(clarify this answer?) Prove that for all subsets of the reals A, there exists a Borel set $A \subset B$ such that $\lambda(B) = \lambda^*(A) $

Question

This (or a similar) question has been asked already on stackexchange. I am asking for a variation on the accepted answer.
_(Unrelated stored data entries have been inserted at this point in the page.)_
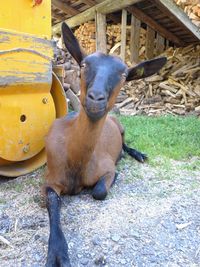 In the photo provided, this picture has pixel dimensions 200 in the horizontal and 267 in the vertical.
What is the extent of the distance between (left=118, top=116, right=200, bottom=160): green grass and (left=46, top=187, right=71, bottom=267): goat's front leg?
1.92 metres

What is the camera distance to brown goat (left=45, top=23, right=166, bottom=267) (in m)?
2.33

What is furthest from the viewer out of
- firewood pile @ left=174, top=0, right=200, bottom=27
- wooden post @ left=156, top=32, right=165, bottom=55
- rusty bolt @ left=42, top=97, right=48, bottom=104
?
Result: wooden post @ left=156, top=32, right=165, bottom=55

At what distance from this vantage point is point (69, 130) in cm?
290

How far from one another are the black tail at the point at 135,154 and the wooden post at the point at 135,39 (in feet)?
20.7

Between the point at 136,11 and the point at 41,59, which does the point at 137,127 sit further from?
the point at 136,11

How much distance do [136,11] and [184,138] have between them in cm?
542

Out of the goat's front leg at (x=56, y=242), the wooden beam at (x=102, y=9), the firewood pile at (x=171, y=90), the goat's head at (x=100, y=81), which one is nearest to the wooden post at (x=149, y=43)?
the firewood pile at (x=171, y=90)

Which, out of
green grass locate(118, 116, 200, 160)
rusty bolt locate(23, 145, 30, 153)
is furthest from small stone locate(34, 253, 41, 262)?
→ green grass locate(118, 116, 200, 160)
Prove for each $A\subset \mathbb{R}$ there exists Borel set whose measure is same as outer measure of $A$

how do we relate this to the question above, where in we must consider $\lambda(B)$ instead of $\lambda^*(B)$?

Answer 1

If you analize the definition of $\lambda^*(A)$, you get $\lambda^*(A)=\inf \{\sum_n \lambda(E_n) \mbox{ where } (E_n)_{n \in amthbb{N}} \mbox{ is a countable covering of } A \}$ and thus for all $n \in \mathbb{N}$ there exists $(E_k^n)_k$ such that $\sum_k \lambda (E_k^n) \leq \lambda^*(A)+\frac 1 n$. If you take $E=\bigcap_n\bigcup_k E_k^n$ you have that $E$ is what you are searching for. In fact $\lambda^*(A) \leq \lambda(E) \leq \lambda^*(A)+\frac 1 n$ for all $n \in \mathbb{N}$.

Note that this holds in general for every $(X,\mathcal{A},\mu)$ measure space the "borel" set is replaced by $E \in \mathcal{A}$.